# TASK BRIEF
The output should be the listing below, limited to the lines from the one with "Set of 24 Time" through the one with "Pergola édition Collector", exact and without pictures.

# GIVEN DATA
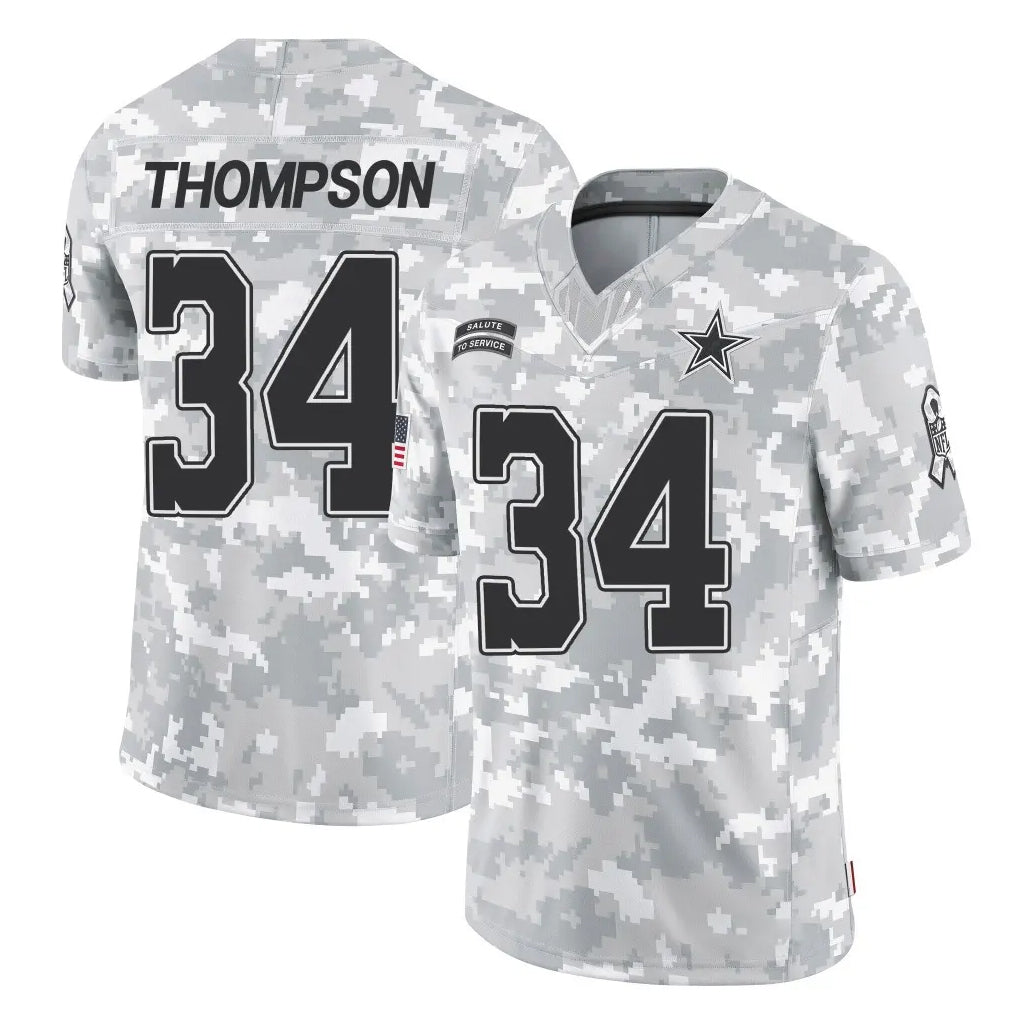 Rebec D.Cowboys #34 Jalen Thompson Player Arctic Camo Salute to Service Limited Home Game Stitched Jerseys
==
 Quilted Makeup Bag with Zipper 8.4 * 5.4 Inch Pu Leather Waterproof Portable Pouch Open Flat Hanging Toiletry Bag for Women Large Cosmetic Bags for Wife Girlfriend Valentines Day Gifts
---
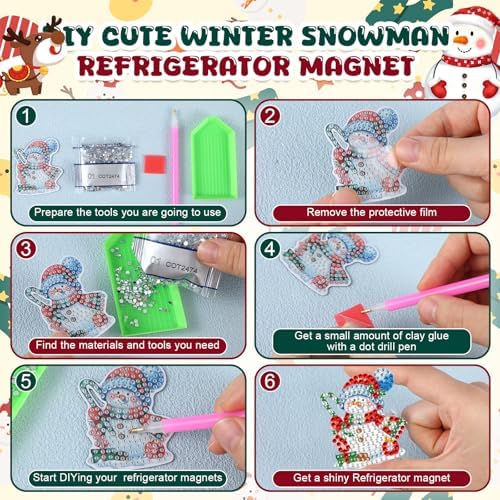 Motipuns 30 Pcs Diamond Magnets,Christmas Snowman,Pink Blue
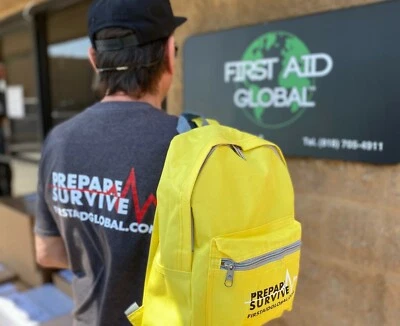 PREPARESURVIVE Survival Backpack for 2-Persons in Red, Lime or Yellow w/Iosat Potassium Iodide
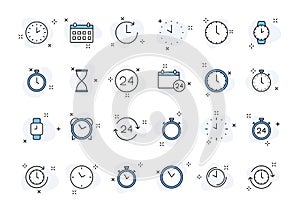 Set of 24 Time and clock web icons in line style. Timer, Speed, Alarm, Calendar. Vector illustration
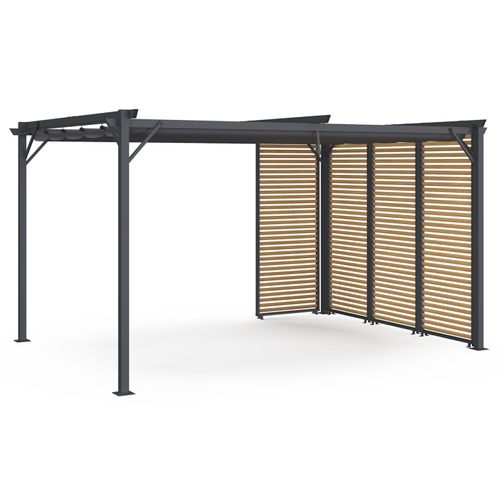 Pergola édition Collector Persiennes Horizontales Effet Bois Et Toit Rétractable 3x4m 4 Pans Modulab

# WRITTEN SOLUTION
 Set of 24 Time and clock web icons in line style. Timer, Speed, Alarm, Calendar. Vector illustration
 Pergola édition Collector Persiennes Horizontales Effet Bois Et Toit Rétractable 3x4m 4 Pans Modulab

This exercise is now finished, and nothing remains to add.